• **PROVIDED RECORDS**:
┄┄┄┄┄┄

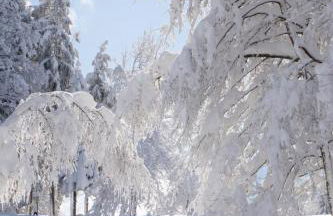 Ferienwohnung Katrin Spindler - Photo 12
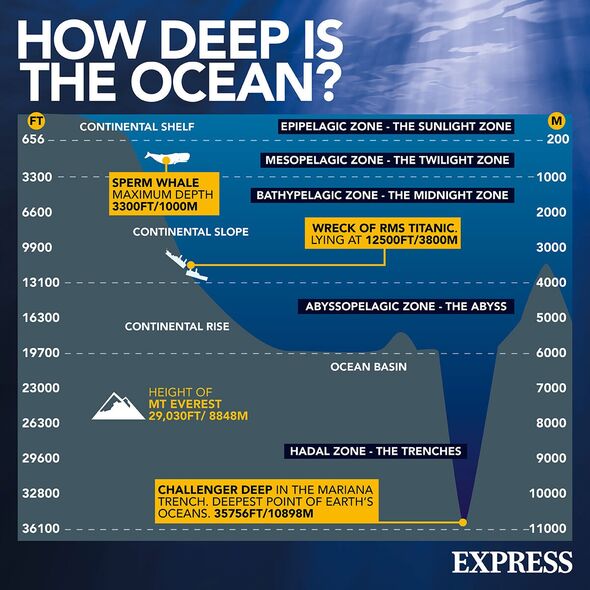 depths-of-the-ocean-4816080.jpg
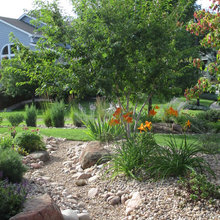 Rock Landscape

┄┄┄┄┄┄

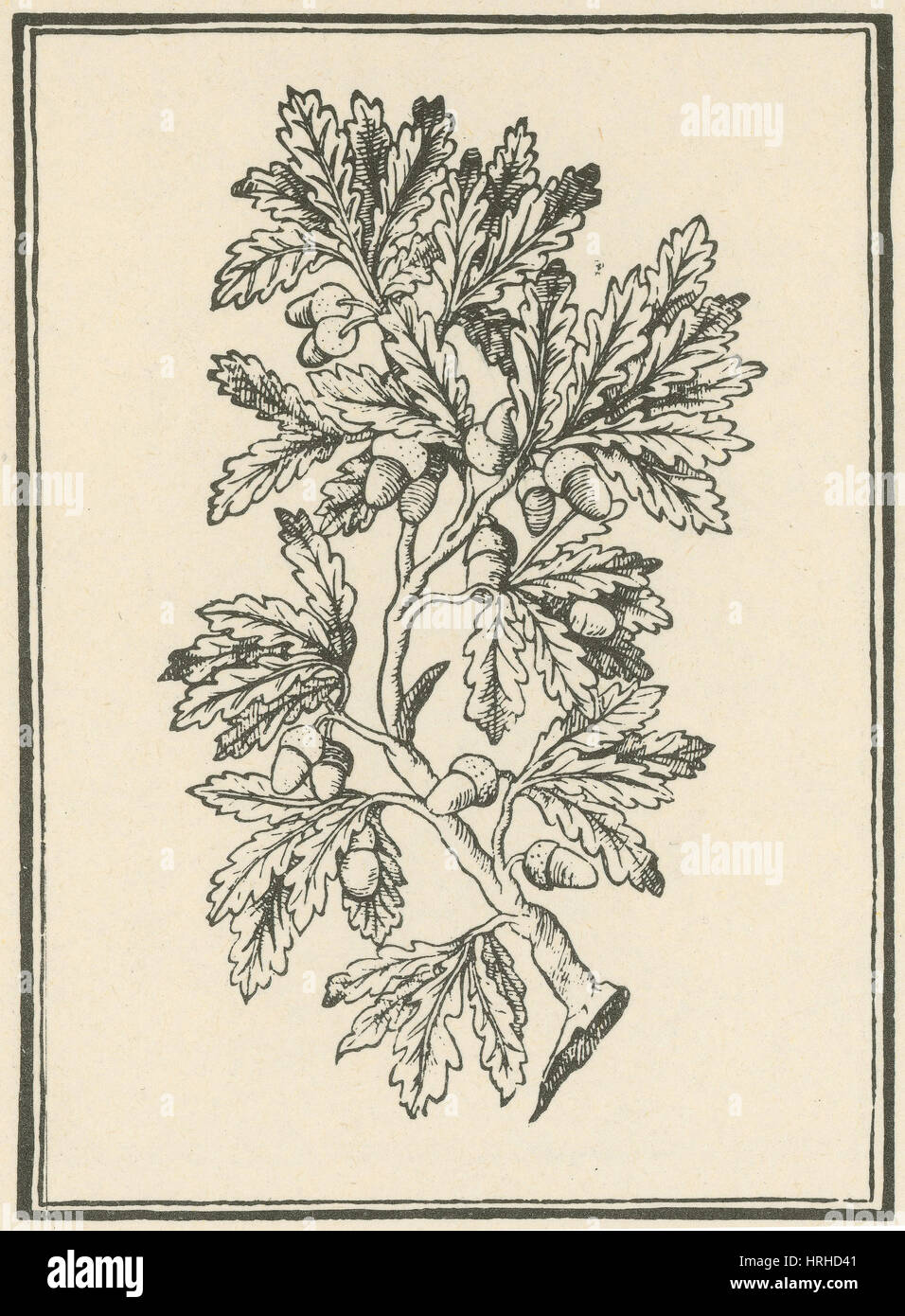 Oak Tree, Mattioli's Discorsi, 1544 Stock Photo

┄┄┄┄┄┄

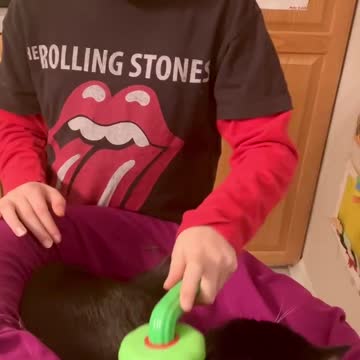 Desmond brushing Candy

┄┄┄┄┄┄

• **WORK INSTRUCTION**: Copy the lines above between the one holding "Ferienwohnung Katrin Spindler - Photo 12" and the one holding "Rock Landscape", inclusive. Drop the pictures.

• **FINISHED TASK**:
 Ferienwohnung Katrin Spindler - Photo 12
 depths-of-the-ocean-4816080.jpg
 Rock Landscape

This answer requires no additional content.